◆ PROBLEM TO WORK ON
Omitting all images, transcribe the listing word for word.

◆ SOURCE MATERIAL
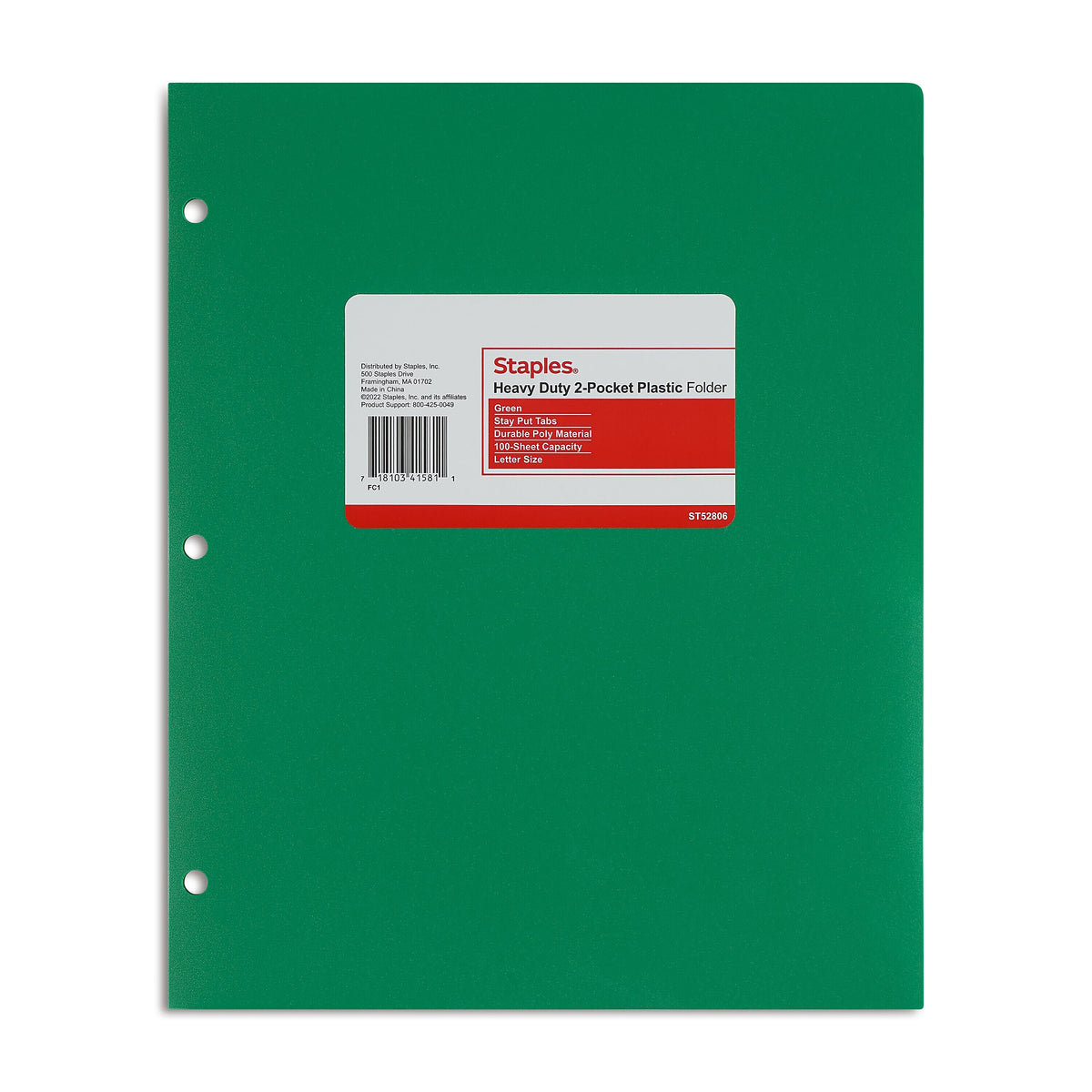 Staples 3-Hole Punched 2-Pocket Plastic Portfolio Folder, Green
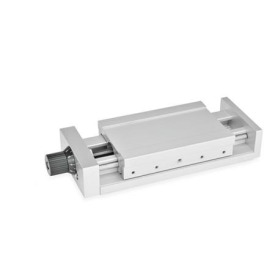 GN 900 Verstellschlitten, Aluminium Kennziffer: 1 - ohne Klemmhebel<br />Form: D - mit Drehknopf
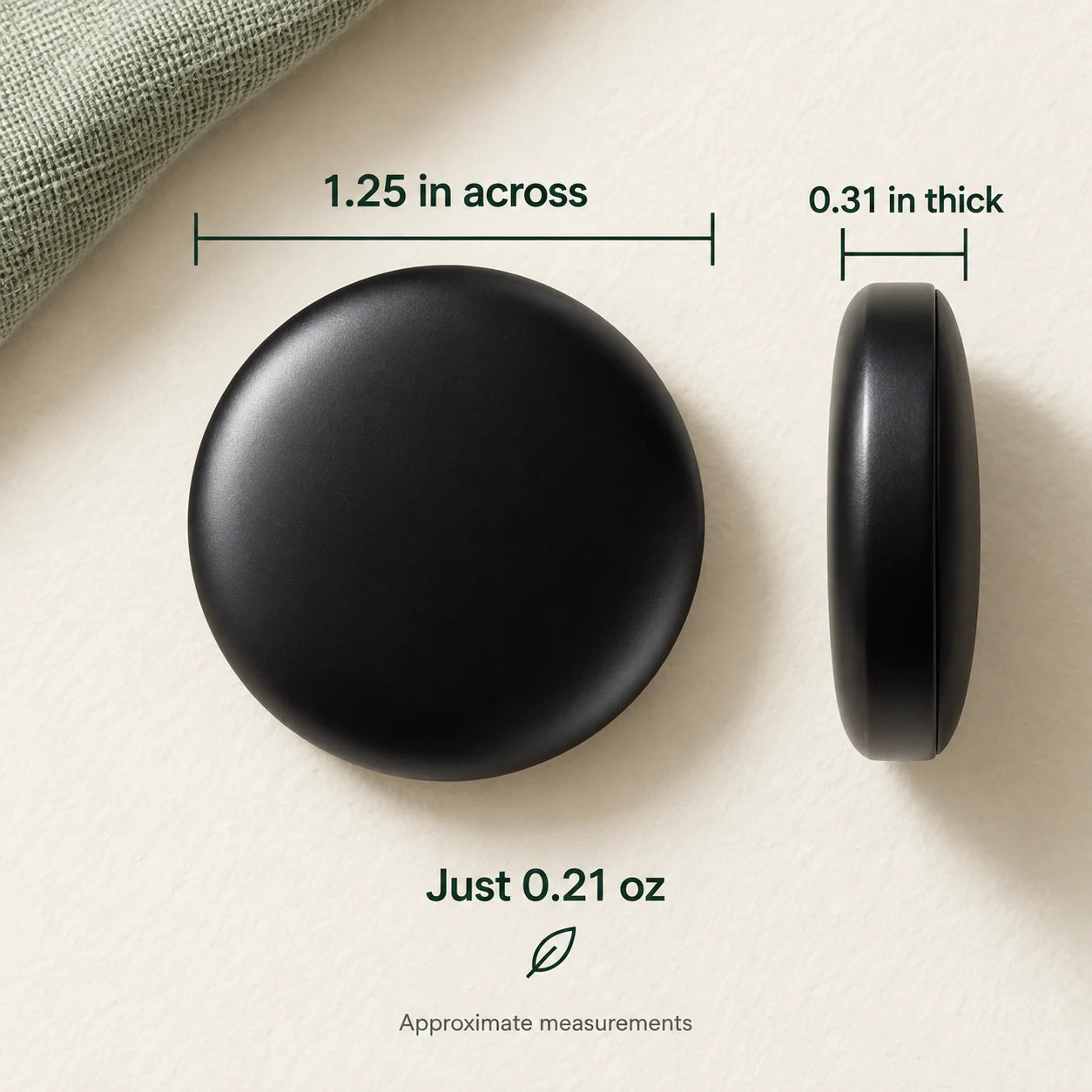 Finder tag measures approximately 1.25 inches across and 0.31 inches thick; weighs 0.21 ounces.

◆ TASK RESPONSE
 Staples 3-Hole Punched 2-Pocket Plastic Portfolio Folder, Green
 GN 900 Verstellschlitten, Aluminium Kennziffer: 1 - ohne Klemmhebel<br />Form: D - mit Drehknopf
 Finder tag measures approximately 1.25 inches across and 0.31 inches thick; weighs 0.21 ounces.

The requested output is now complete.